A searing heat woke Nechama. She opened her eyes groggily and saw a bright flash of fire running alongside her bed. Instantly, she screamed at Menachem to wake up. “Fire!” she yelled. “Fire!” She hadn’t smelled anything; smell is the first sense the body shuts down at night, but now it smelled like a horrific barbecue. She grabbed Elisheva, and Menachem leapt over the bed to the crib where Yehuda slept. Grabbing Yehuda, he ran out of the room and laid him on the floor in the hallway before running back with water to try to extinguish the fire.

Nechama leaned down to pick him up, and in that moment, in the dim hallway that shed a faint light on her son’s face, she could see what Menachem hadn’t seen in the dark room. Yehuda’s face was a mask of ashy blackness, his hands arched at an unnatural angle, his hair singed away.

He didn’t make a sound. Not a cry escaped his mouth. “He’s not breathing,” she cried.
Menachem’s grandmother looked at him and quickly realized why. She pried open his lips and took out the pacifier that had melted in his mouth. And then the screams started. Yehuda cried heartbreaking screams that tore at her heart as she held him in her arms.
It felt like an eternity, but it took only a moment. Neighbors and yeshivah bachurim came to try to help put out the fire; the small moshav didn’t have its own firefighters or Hatzalah unit. A kind neighbor grabbed Yehuda from his mother’s arms and ran with him to the doctor who lived across the street.

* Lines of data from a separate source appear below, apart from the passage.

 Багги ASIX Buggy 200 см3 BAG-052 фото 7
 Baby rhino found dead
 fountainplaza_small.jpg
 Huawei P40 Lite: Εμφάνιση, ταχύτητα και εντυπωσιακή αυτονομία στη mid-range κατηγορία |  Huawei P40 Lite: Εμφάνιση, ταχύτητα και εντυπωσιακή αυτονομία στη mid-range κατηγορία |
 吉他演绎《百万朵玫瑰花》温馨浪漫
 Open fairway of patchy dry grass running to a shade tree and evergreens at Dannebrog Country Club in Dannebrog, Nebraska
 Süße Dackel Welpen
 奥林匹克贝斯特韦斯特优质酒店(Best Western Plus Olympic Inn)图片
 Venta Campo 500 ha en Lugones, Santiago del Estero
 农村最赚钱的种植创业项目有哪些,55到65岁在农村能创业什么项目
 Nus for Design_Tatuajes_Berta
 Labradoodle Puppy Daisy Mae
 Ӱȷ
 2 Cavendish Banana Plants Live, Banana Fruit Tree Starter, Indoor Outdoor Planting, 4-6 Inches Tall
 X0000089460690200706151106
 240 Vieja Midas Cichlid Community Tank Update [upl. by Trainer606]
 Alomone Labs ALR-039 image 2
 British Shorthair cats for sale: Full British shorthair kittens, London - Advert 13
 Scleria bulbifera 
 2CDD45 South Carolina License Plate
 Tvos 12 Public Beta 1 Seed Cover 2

She came back a few minutes later with the doctor’s instructions—get him to the hospital immediately. The absolute priority was to keep him breathing and prevent brain damage.
Going to the hospital seemed like the obvious thing to do, but in the chaos and horror of the fire, the doctor knew the parents might not realize the severity of the situation. Hospitals in Israel immediately treat all burns with skin grafts that can leave lasting, unsightly scars. It was common for people to try to treat less severe burns naturally before turning to the hospital for help.

The doctor realized this and impressed upon the couple the urgency of going to the hospital immediately. It wasn’t about treating the burns. It was about saving Yehuda’s life.